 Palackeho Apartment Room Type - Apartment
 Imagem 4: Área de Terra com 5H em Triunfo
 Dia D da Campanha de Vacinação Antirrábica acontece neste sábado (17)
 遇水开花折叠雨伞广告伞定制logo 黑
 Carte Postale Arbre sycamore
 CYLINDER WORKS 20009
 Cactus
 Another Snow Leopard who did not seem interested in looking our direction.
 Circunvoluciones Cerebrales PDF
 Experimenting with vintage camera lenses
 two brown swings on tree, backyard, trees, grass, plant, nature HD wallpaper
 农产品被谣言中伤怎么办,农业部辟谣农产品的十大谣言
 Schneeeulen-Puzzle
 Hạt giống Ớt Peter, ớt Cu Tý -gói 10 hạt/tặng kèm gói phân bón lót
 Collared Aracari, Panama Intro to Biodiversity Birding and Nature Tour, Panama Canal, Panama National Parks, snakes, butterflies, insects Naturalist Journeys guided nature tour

TASK GOAL –
Your reply should be a verbatim retyping of the lines from the one that holds "Carte Postale Arbre sycamore" through the last line of the entries.

PROBLEM SOLUTION –
 Carte Postale Arbre sycamore
 CYLINDER WORKS 20009
 Cactus
 Another Snow Leopard who did not seem interested in looking our direction.
 Circunvoluciones Cerebrales PDF
 Experimenting with vintage camera lenses
 two brown swings on tree, backyard, trees, grass, plant, nature HD wallpaper
 农产品被谣言中伤怎么办,农业部辟谣农产品的十大谣言
 Schneeeulen-Puzzle
 Hạt giống Ớt Peter, ớt Cu Tý -gói 10 hạt/tặng kèm gói phân bón lót
 Collared Aracari, Panama Intro to Biodiversity Birding and Nature Tour, Panama Canal, Panama National Parks, snakes, butterflies, insects Naturalist Journeys guided nature tour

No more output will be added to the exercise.